The derive feature automatically pulls in kumo-derive.

Basic Usage

use kumo::prelude::*;
use serde::Serialize;

#[derive(Debug, Serialize, Extract)]
struct Book {
    #[extract(css = "h3 a", attr = "title")]
    title: String,

    #[extract(css = ".price_color", re = r"[\d.]+")]
    price: f64,

    #[extract(css = ".availability")]
    availability: String,
}

// In parse():
async fn parse(&self, res: &Response) -> Result<Output<Self::Item>, KumoError> {
    let mut books = Vec::new();
    for el in res.css("article.product_pod").iter() {
        books.push(Book::extract_from(el, None).await?);
    }
    Ok(Output::new().items(books))
}

Field Options

All options are set inside #[extract(...)] on each field.

css (required)

The CSS selector to find the element. Must be present on every field.
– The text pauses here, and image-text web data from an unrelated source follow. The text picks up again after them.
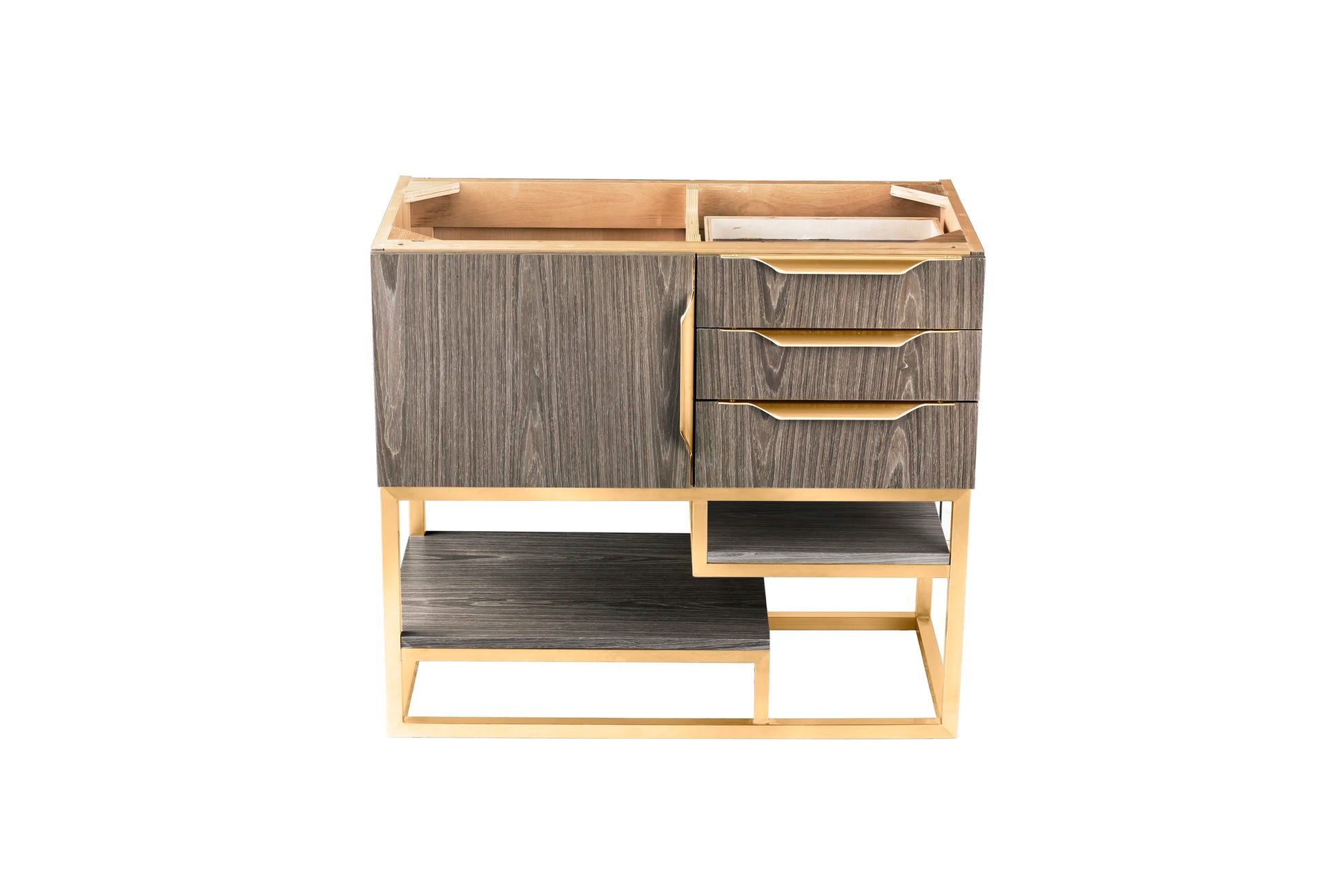 Renovate for Less Atlanta Columbia 36" Single Vanity Cabinet, Ash Gray, Radiant Gold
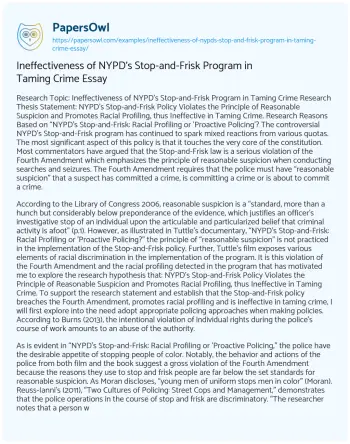 Essay on Ineffectiveness of NYPD’s Stop-and-Frisk Program in Taming Crime Essay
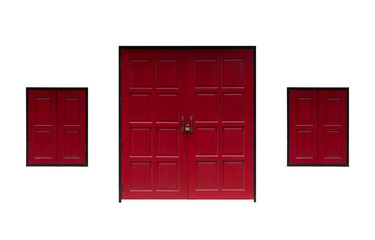 Red wooden door and window isolated on white background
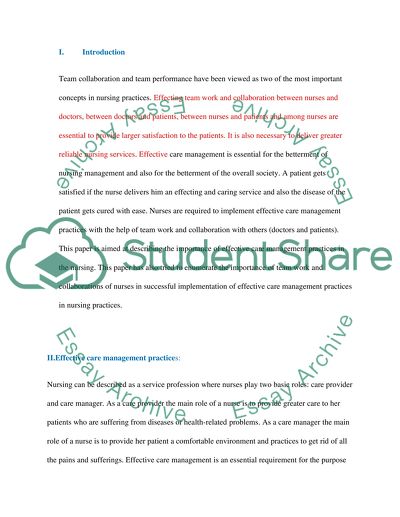 The importance of effective care management practices in the nursing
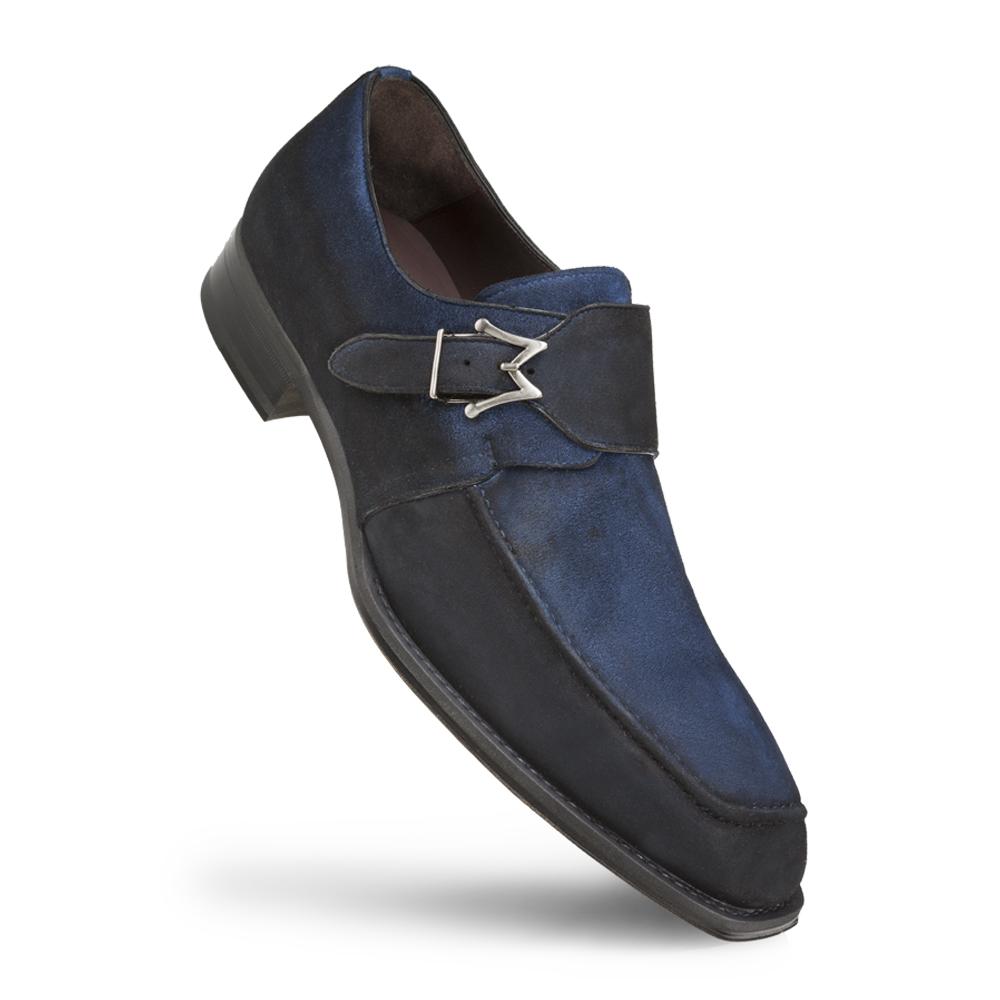 Mezlan Suede Monk Strap Shoes Electric Blue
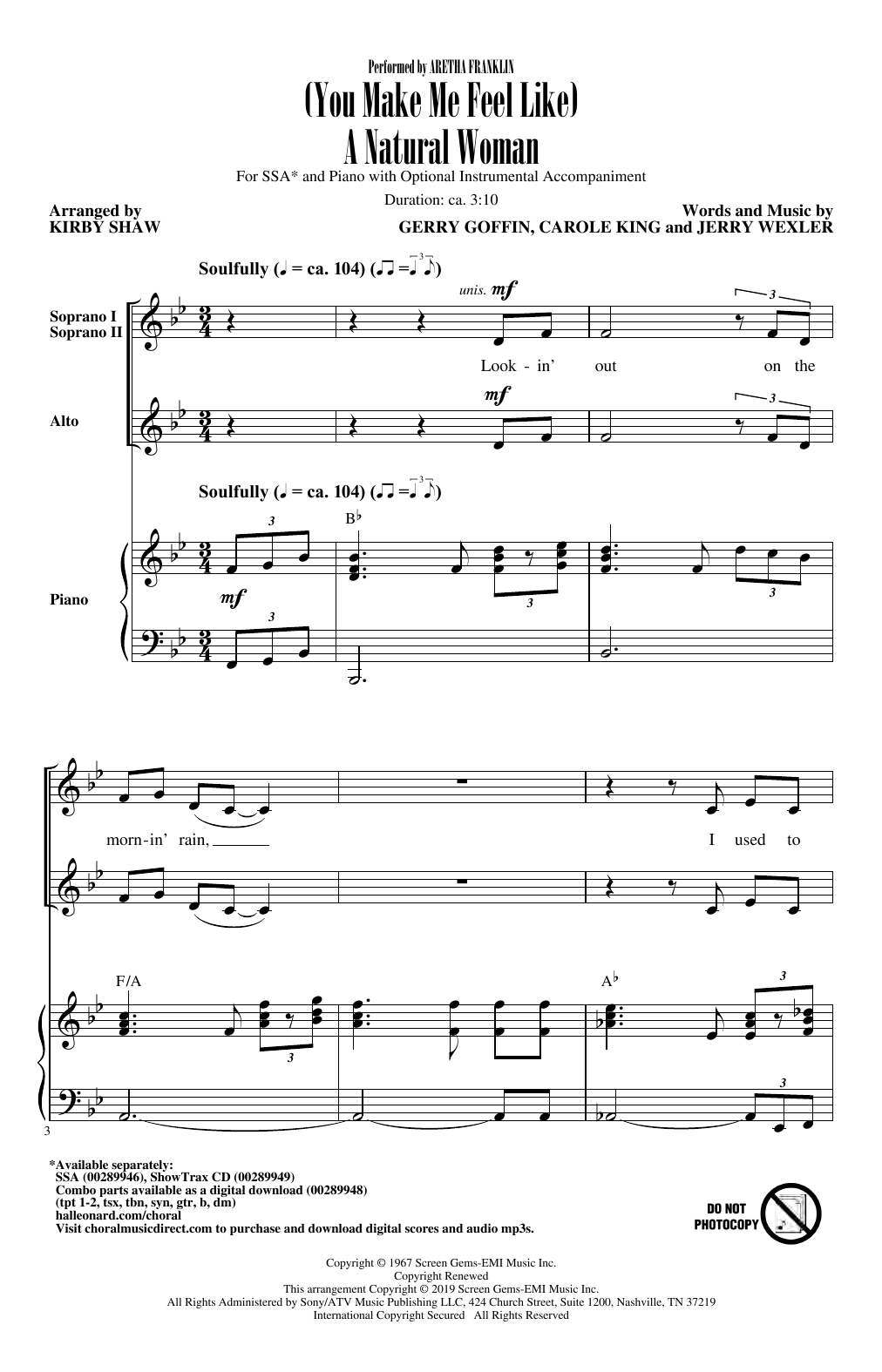 Carole King (You Make Me Feel Like) A Natural Woman (arr. Kirby Shaw) Sheet Music Notes & Chords for SSA Choir - Download or Print PDF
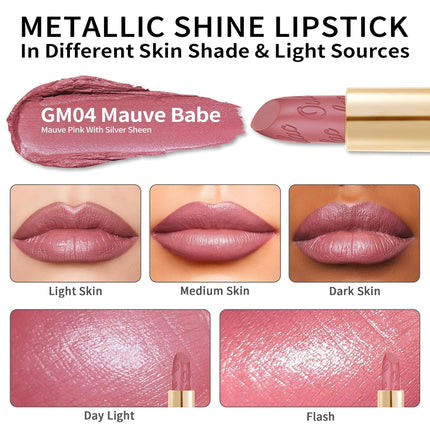 Matte Mauve Pink Lipstick with Glow Metallic Finish - Vegan Lipstick for Women, Creamy Texture, Hydrating Clean Beauty Formula, High-End Magnetic Hook Design, GM04 Mauve Babe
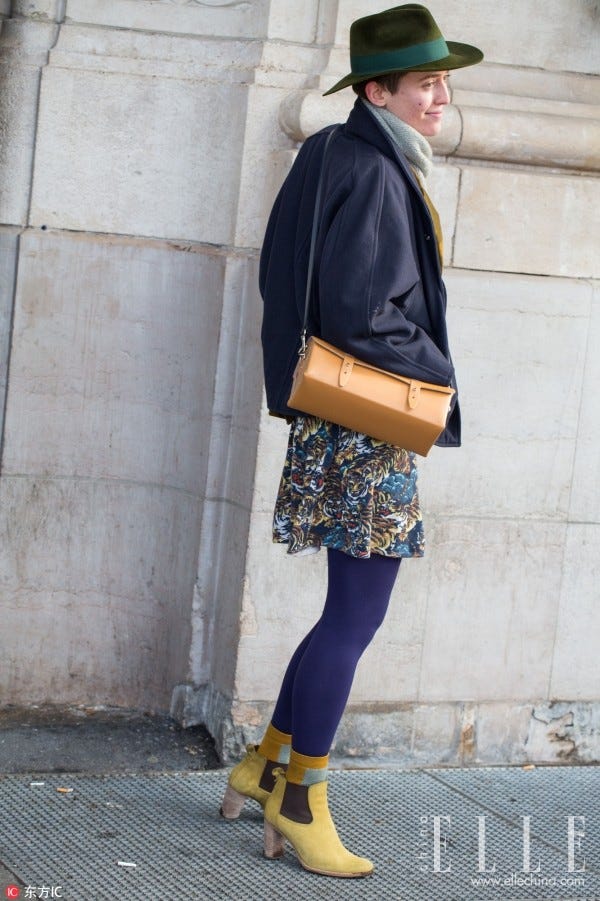 Street fashion, Clothing, Fashion, Footwear, Snapshot, Yellow, Shoe, Outerwear, Headgear, Tights, 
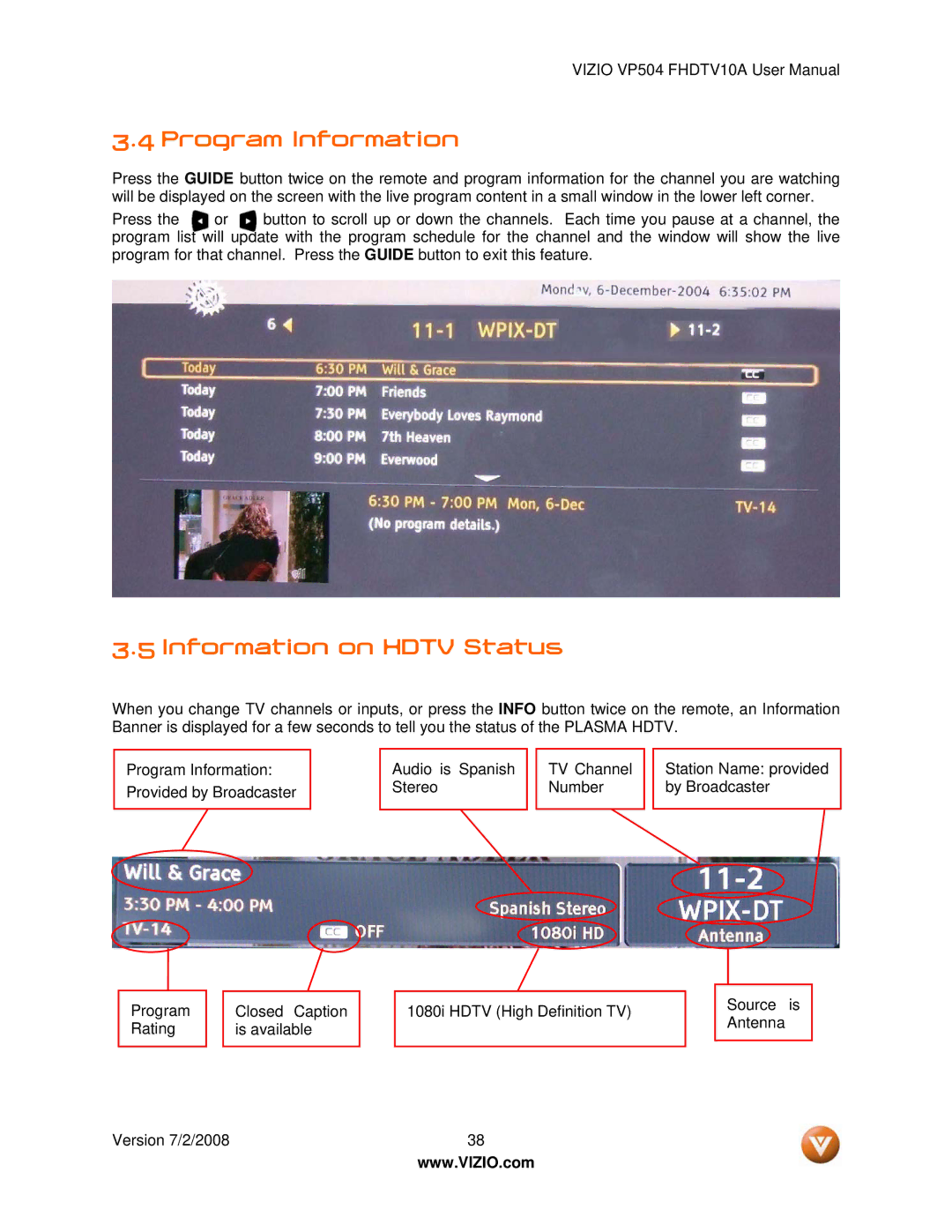 Vizio VP504 FHDTV10A manual Program Information, Information on Hdtv Status 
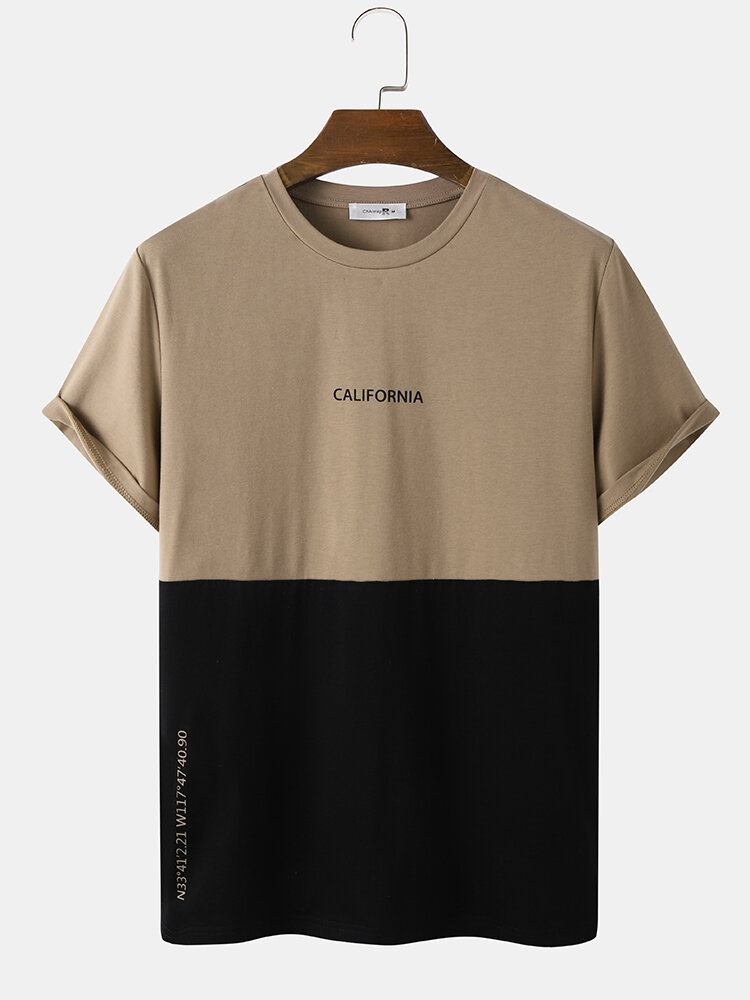 Mænds Årer Citry Letter Print Two Tone Patchwork T-shirts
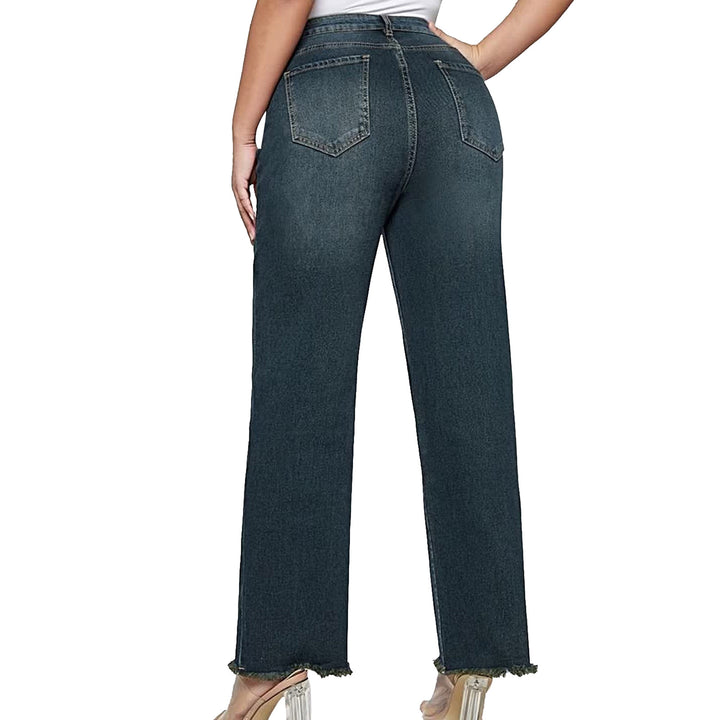Damen weite knöchellange Jeans mit hohem Bund und rohem Saum Nord Taschen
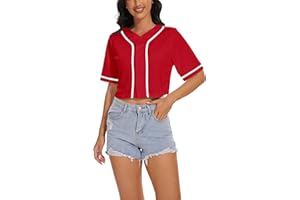 BAICAIYU Women's Baseball Jersey Short Crop Tops Blank Button Casual Softball Shirt Activewear Tee Summer Clothing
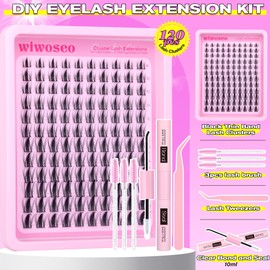 wiwoseo Manga Lash Clusters Kit Fairy Eyelash Extension Kit Anime Cluster Eyelash Extensions D Curl Lashes Clusters Spike Individual Lashes Natural Look with Lash Bond and Seal Waterproof (8-16MM)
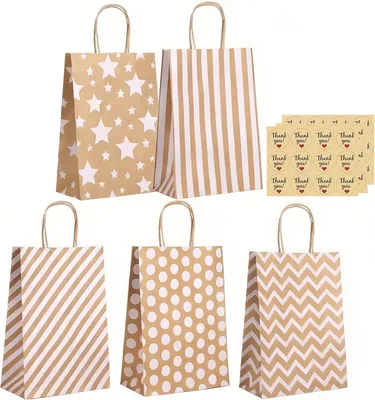 Imagen del producto de Bolsas de papel con asas, 30 unidades, 5 diseños, 16x8x22 cm, para regalos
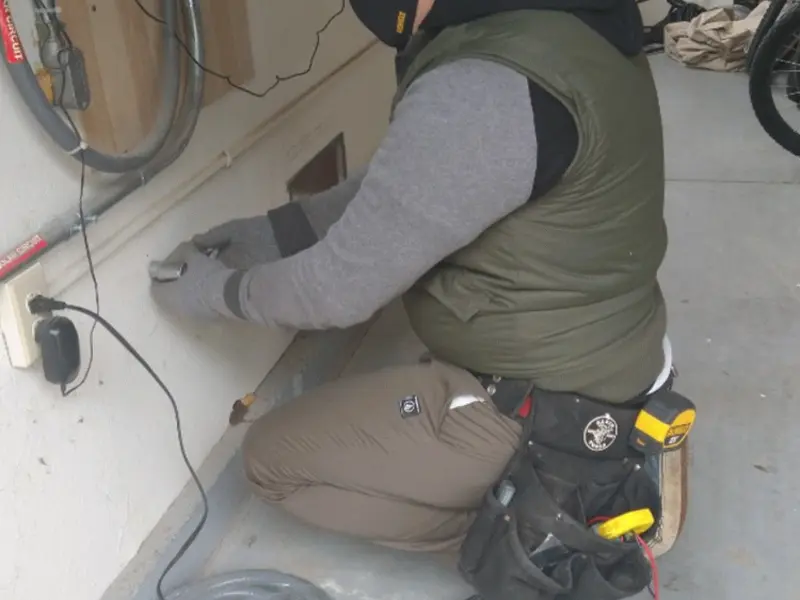 Electrician performing outlet wiring in a Pampa garage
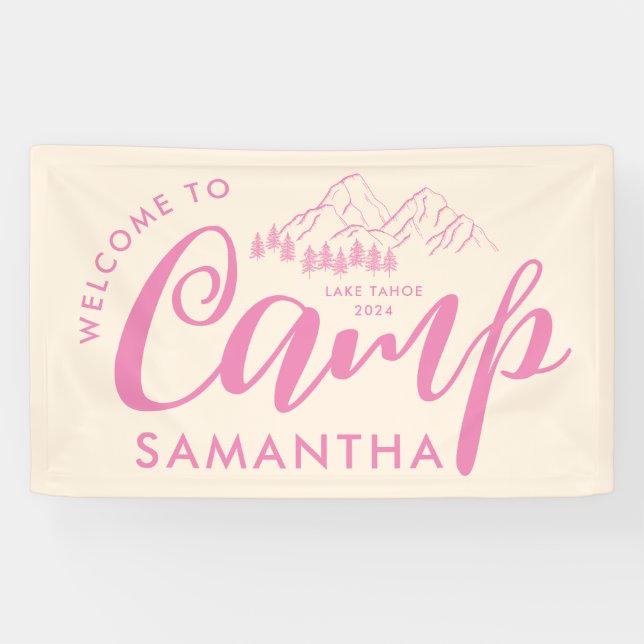 Custom Camp Bachelorette Party Modern Rustic Pink Banner (Horizontal)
#[extract(css = "h1.title")]
name: String,

attr

Extract an HTML attribute instead of the text content.

#[extract(css = "a.product-link", attr = "href")]
url: String,

#[extract(css = "img.thumbnail", attr = "src")]
image_url: String,

re

Apply a regex to the extracted text and return the first match or capture group.

// Extract digits from "£12.99"
#[extract(css = ".price_color", re = r"[\d.]+")]
price_value: String,

// First capture group
#[extract(css = ".rating", re = r"star-rating (\w+)")]
rating_word: String,

text

Explicit text extraction — this is the default and can be omitted.

#[extract(css = "p.description", text)]
description: String,

default

Fallback value for required scalar fields when the selector finds nothing.

#[extract(css = ".badge", default = "N/A")]
badge: String,

Without default, missing String fields fall back to an empty string. Missing required numeric or boolean fields return a KumoError. Option<T> fields always use None, and Vec<T> fields use an empty vector.

transform

Apply a string transformation after extraction. Valid values: "trim", "lowercase", "uppercase".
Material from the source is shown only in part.